Barbara Guest, who has authored myriad books of poems, essays, art criticism, drama, and experimental prose, as well as a biography of Imagist poet H.D., over the course of her 60-year career, was born Barbara Ann Pinson in North Carolina in 1920 and educated at Berkeley, and came of age as a writer in New York City. She was often allied with the abstract expressionist painters of the 1950s and was also one of the few women associated with the first wave of the New York School of poetry, which included Frank O’Hara and John Ashbery. Guest, defying neat categorization, has also been linked with surrealism, Dadaism, modernism, and feminism, and, particularly, by the time of her death in 2006, with the L=A=N=G=U=A=G=E poets, whose innovations her early work presaged. As David Shapiro remarked in the American Poetry Review, “When one looks at work Barbara Guest accomplished in the late 1950s and early 1960s, one finds pieces that often seem to have been written yesterday, if not tomorrow.”

Guest’s work certainly has an ever-surprising and contemporary feel, and this in itself speaks to its politically transgressive as well as aesthetic value.
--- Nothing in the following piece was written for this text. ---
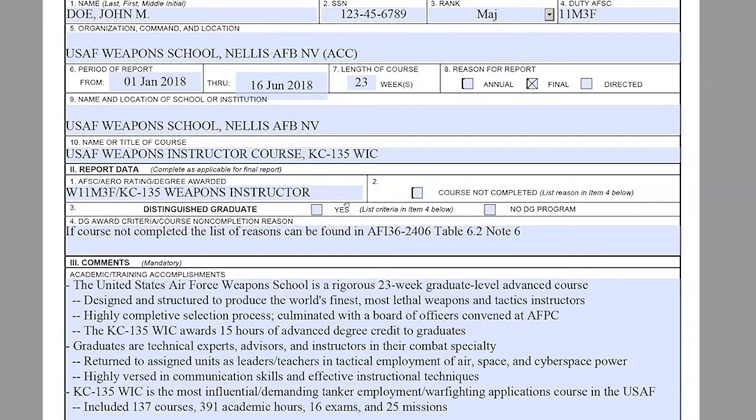For Section 2, Block 3 — Distinguished Graduate: if there was a Distinguished Graduate Program and the member earned a Distinguished Grad, you will input 'yes' here. If there was no Distinguished Graduate Program, you will select the other box that says 'no Distinguished Graduate Program.' If the school has a Distinguished Graduate Program but the member did not earn one, you will leave Section 2, Block 3 blank. Section 2, Block 4: here you input the Distinguished Graduate Award criteria, or if the member did not complete the course, you will list the course non-completion reasons here.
Many writers have written eloquently about the mix of fierce intellection and sensory pleasure her verse provides, among them Rachel Blau DuPlessis, Peter Gizzi, and Kathleen Fraser (who refers to Guest’s “painterly witness”). Guest herself has called the source of her generative poetics “plasticity.” By this she means a fluid, gaze-subverting, and manifold imagination, at times owing to Gertrude Stein, at others to Wallace Stevens, but perhaps more importantly to a host of painters from Mark Rothko to Jackson Pollock. It is a way of perceiving the world peripherally, which she once described as a “tinge on her left retina something like tequila, a rough peppery hotness […] the ‘flavor of eyes.’”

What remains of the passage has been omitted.